I am currently working on some high DPI issues in our WPF app (.NET 4.6.1 - System DPI-awareness is active).
Generally the app does what we expect it to do - scale depending on the current displays DPI setting, also when moving it from screen A @ 100% to screen B @ 150% it changes it's overall scale correctly "at the half-point".

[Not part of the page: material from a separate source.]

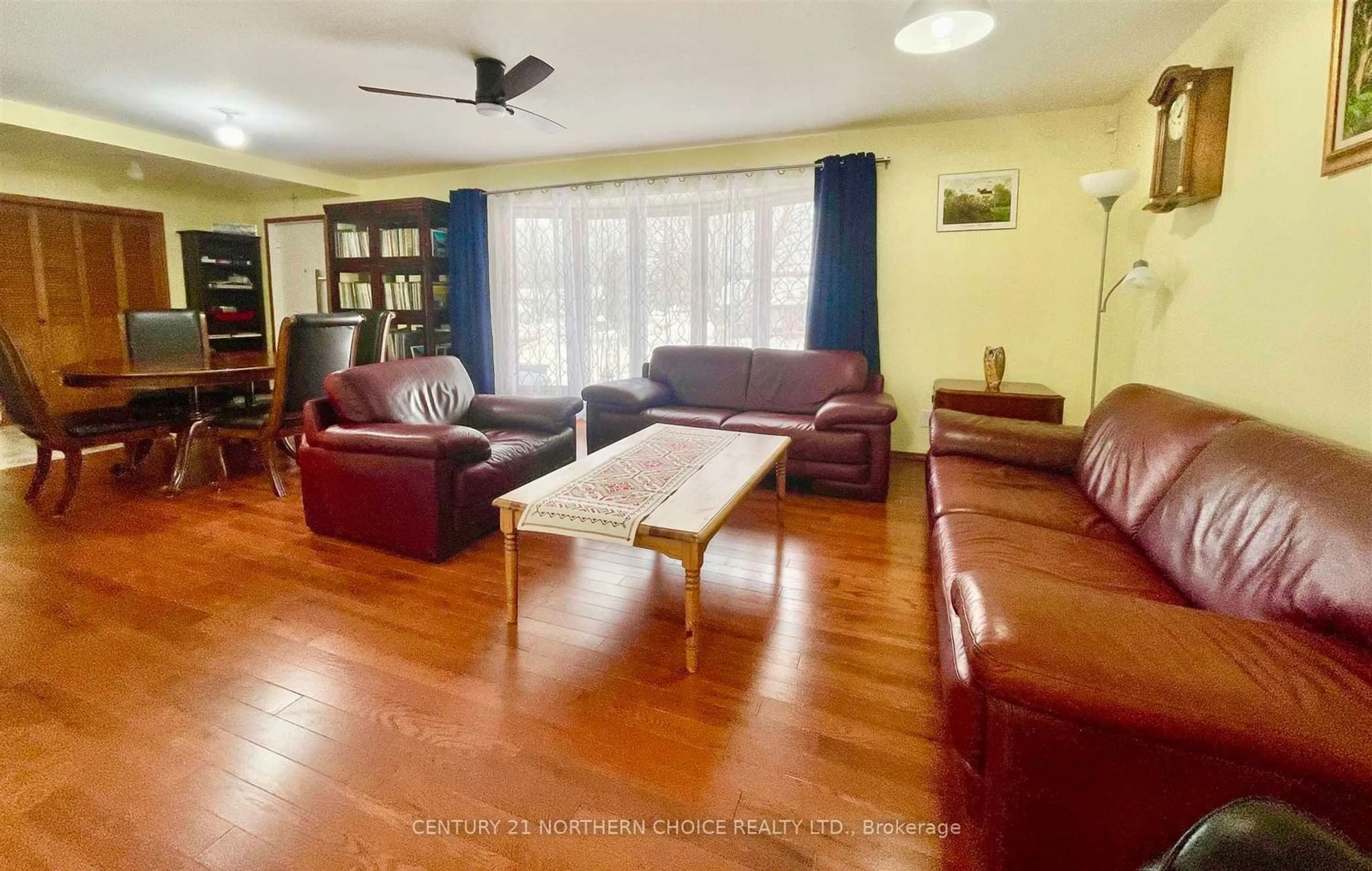 Living room with furniture, wood/laminate floor for 228 Taylor St, Dryden Ontario P8N 1M6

Most of the open issues where there because we had some pixel-/DIP-based calculations which did not took the DPI-setting into consideration. This I fixed by calculating in the correct DPI values:
var source = PresentationSource.FromVisual(this);
var dpiX = source?.CompositionTarget?.TransformToDevice.M11 ?? 1;
var dpiY = source?.CompositionTarget?.TransformToDevice.M22 ?? 1;
There I found out the first strange thing (at least for me):
- If the primary display is set to e.g. 125% I get 1.25 for
dpiX
for all screens, even the secondary screen @ 100%, but there all pixel-values are already multiplied by 1.25 (meaning a 1600x1200 pixel screen has a working size of 2000x1500). - And it is exactly the other way around if the primary screen is at 100% and the secondary screen is at e.g. 150%: I always get 1 for
dpiX
, but all values are already correct and no correction is necessary (=> or multiply/dived by 1 does not break it).
But now to my actual problem:
I have some pop-ups I am placing at the center of their placement-targets with the following binding:
<Popup.HorizontalOffset>
<MultiBinding Converter="{lth:CenterConverter}">
<Binding RelativeSource="{RelativeSource Self}" Path="PlacementTarget.ActualWidth" />
<Binding RelativeSource="{RelativeSource Self}" Path="Child.ActualWidth" />
<Binding RelativeSource="{RelativeSource Self}" Path="." />
</MultiBinding>
</Popup.HorizontalOffset>
and converter:
public class CenterConverter : MarkupExtension, IMultiValueConverter
{
public override object ProvideValue(IServiceProvider serviceProvider) => this;
public object Convert(object[] values, Type targetType, object parameter, CultureInfo culture)
{
if (values.Any(v => v == DependencyProperty.UnsetValue))
return Double.NaN;
double placementTargetWidth = (double)values[0];
double elementWidth = (double)values[1];
var offset = (placementTargetWidth - elementWidth) / 2;
////if (values.Length >= 3 && values[2] is Visual)
////{
//// var source = PresentationSource.FromVisual((Visual)values[2]);
//// var dpiX = source?.CompositionTarget?.TransformToDevice.M11 ?? 1;
//// offset *= -1; //dpiX;
////}
return offset;
}
public object[] ConvertBack(object value, Type[] targetTypes, object parameter, CultureInfo culture) { throw new NotSupportedException(); }
}
For case 2 everything already works correctly without the commented out code, but for case 1 I tried dividing and multiplying the DPI value, but in the end the correct thing was to multiply it by -1
to get it to work correctly.
Why ist that the case?
And how can I savely detect when this is needed? dpiX > 1
?
I am also open for other solutions to the scaling issue or to the center-placement as a whole.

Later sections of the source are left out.